## Prompt
Using the listing below, report each line holding the string "Transportation".

## Given records

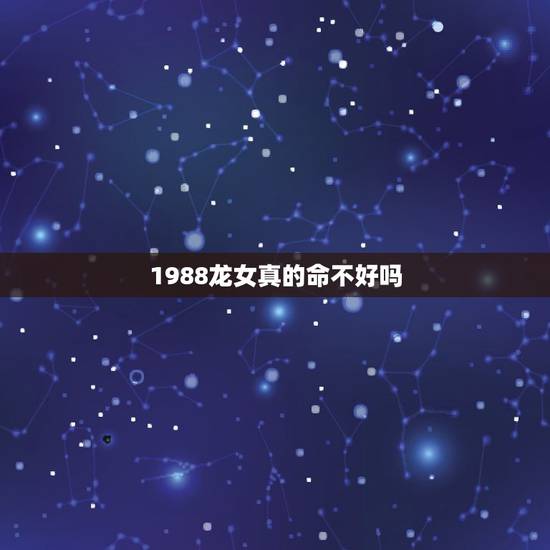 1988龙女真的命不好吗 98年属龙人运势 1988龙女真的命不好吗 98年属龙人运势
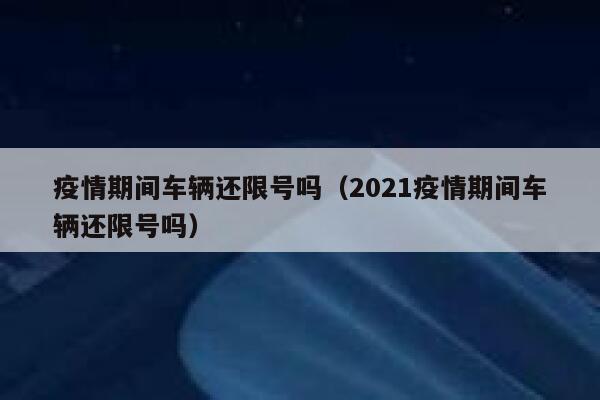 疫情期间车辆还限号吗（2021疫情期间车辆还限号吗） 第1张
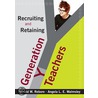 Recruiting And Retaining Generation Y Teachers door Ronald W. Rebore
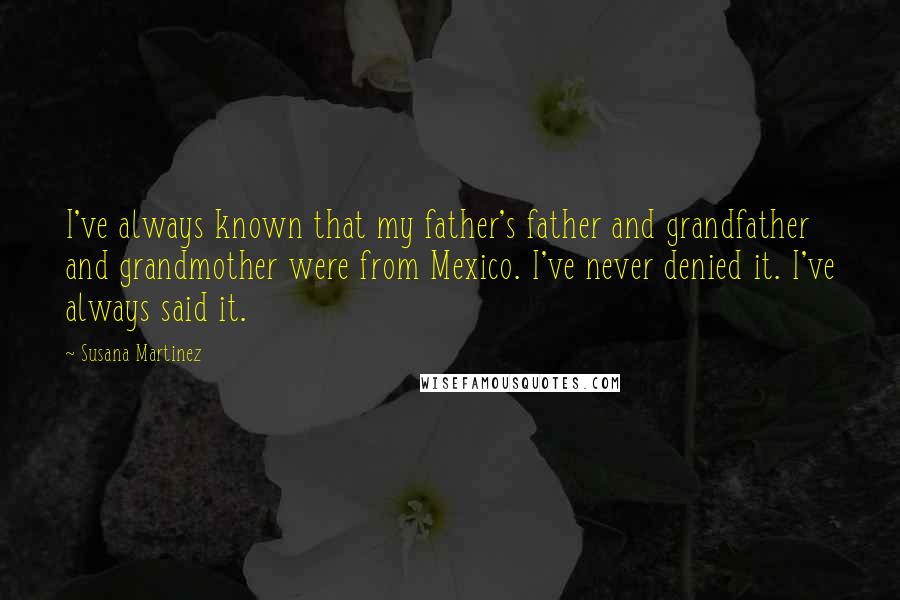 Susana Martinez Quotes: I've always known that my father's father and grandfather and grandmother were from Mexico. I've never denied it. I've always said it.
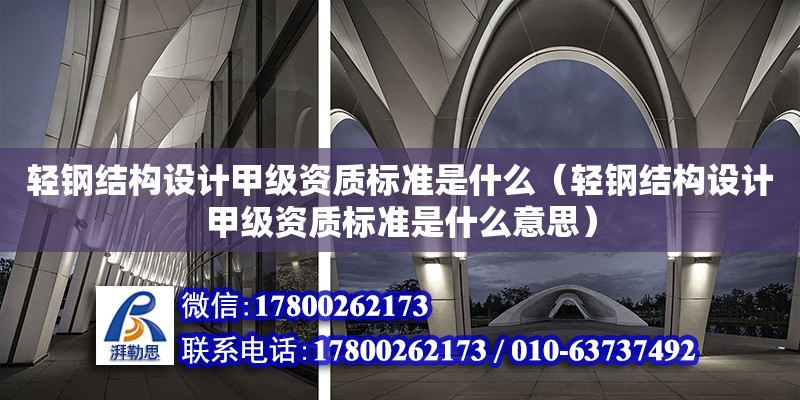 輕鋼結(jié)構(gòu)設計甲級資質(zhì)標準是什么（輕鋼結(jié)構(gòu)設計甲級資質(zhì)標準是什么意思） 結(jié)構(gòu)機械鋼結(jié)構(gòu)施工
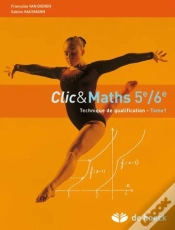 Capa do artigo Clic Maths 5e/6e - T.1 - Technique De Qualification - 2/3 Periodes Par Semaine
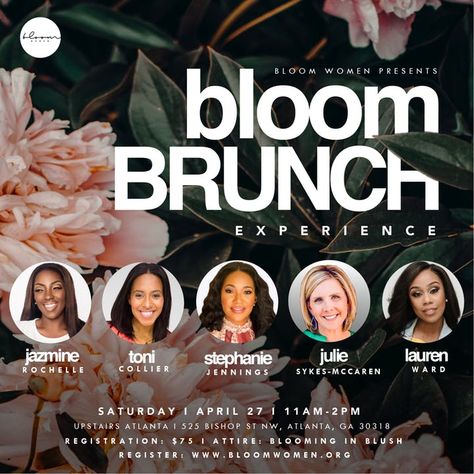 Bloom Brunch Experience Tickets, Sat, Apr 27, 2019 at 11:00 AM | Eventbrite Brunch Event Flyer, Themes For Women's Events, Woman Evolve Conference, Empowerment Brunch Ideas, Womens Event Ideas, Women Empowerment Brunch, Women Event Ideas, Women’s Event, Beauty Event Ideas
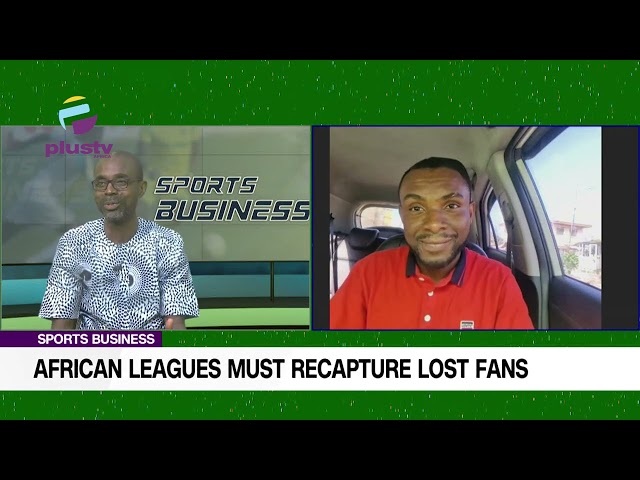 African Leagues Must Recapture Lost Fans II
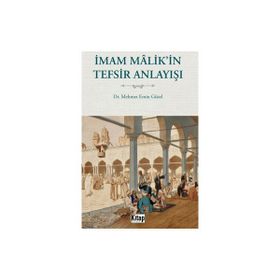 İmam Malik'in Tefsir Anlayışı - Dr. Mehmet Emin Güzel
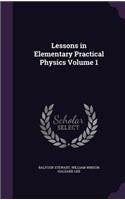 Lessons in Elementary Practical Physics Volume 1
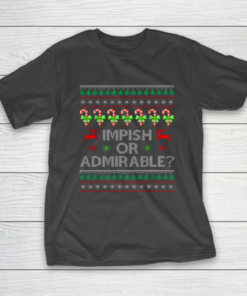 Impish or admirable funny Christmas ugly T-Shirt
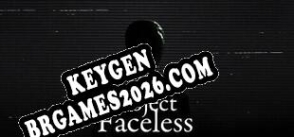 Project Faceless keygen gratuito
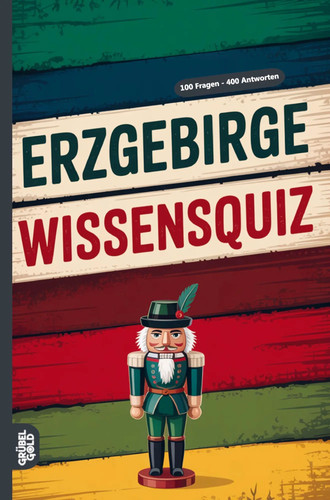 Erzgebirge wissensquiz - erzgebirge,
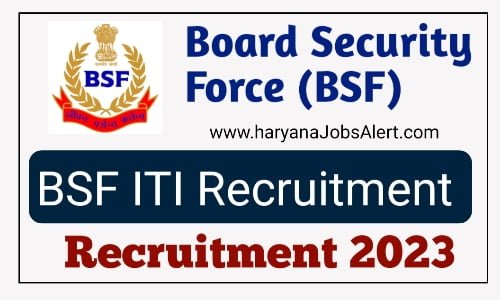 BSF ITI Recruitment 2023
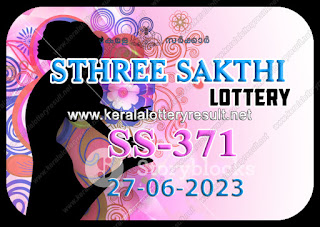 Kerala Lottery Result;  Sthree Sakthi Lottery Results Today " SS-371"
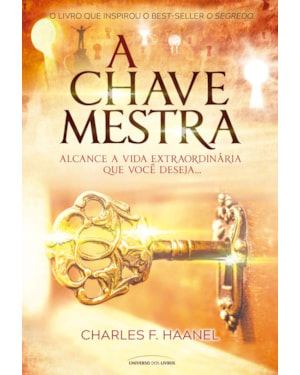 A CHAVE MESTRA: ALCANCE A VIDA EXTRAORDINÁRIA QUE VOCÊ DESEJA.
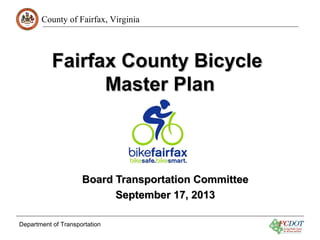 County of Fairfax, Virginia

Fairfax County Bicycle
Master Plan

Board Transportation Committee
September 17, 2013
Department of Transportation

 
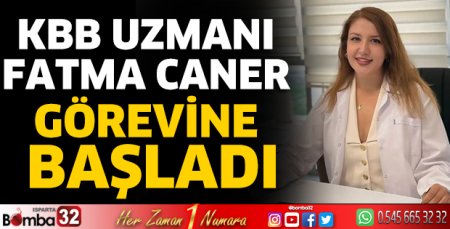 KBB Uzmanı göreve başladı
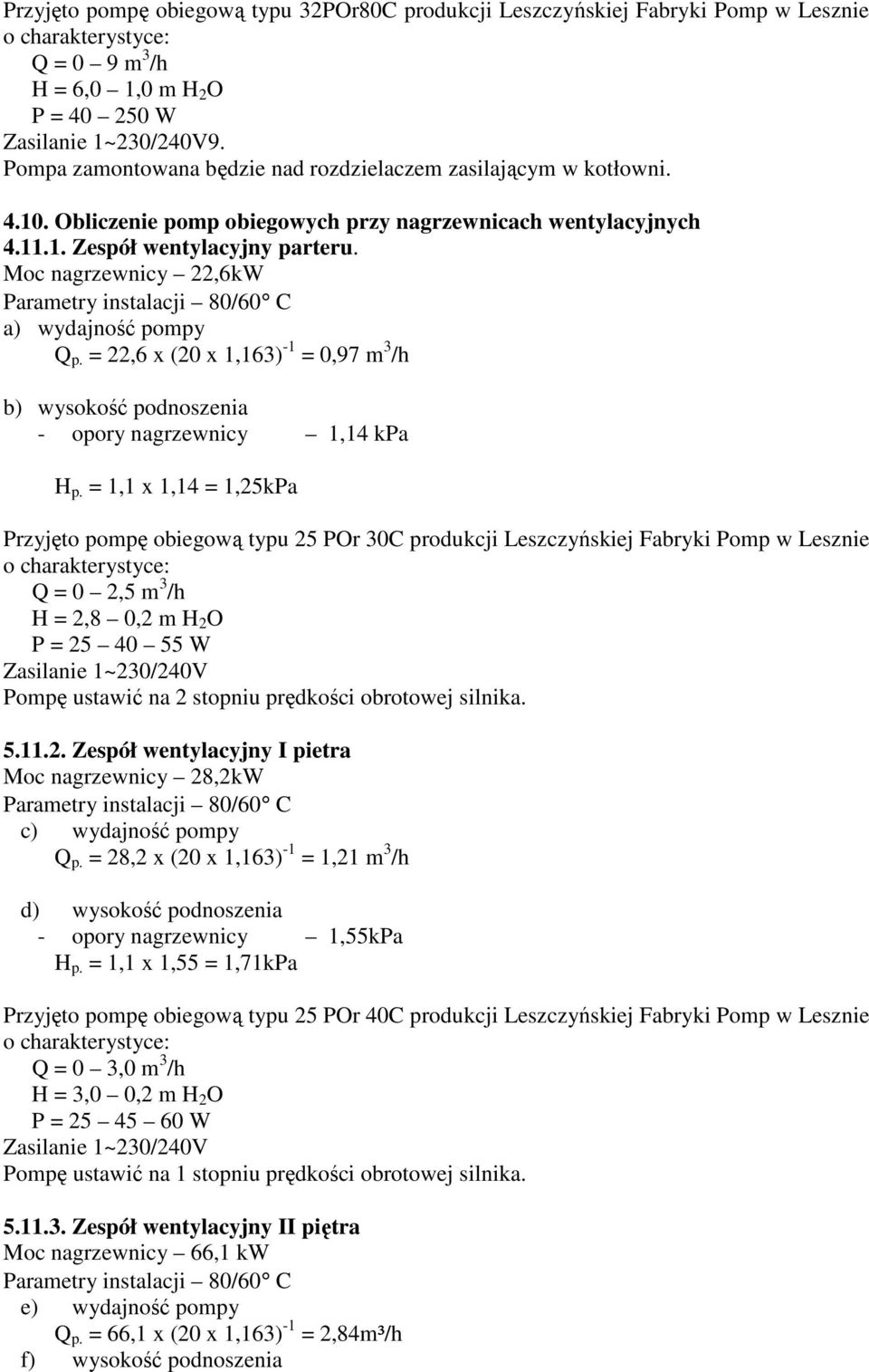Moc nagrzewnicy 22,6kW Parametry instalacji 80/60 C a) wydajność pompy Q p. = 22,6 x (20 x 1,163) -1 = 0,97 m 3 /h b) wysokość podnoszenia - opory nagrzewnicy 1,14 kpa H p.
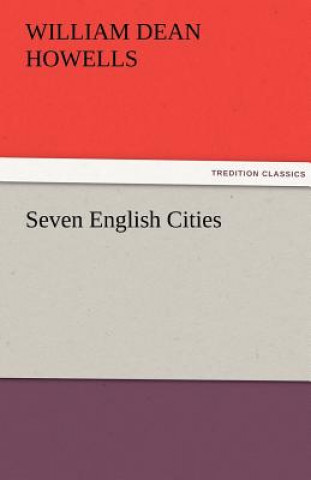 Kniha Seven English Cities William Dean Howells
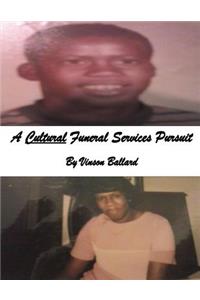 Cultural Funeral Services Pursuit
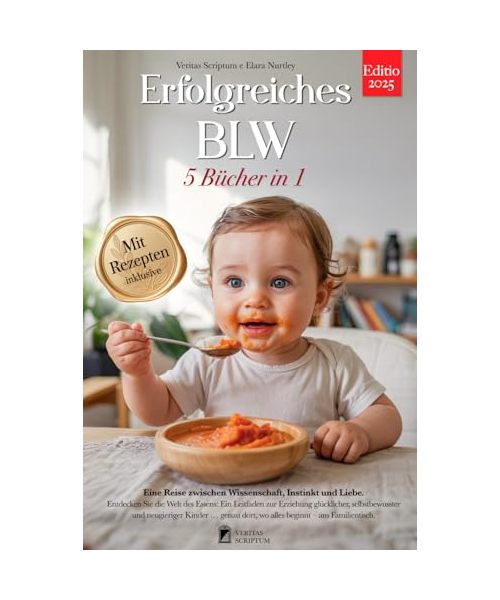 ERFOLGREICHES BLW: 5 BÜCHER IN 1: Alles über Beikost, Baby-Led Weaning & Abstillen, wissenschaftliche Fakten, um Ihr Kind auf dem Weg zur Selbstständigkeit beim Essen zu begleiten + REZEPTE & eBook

## Solution for this task
Board Transportation Committee
Department of Transportation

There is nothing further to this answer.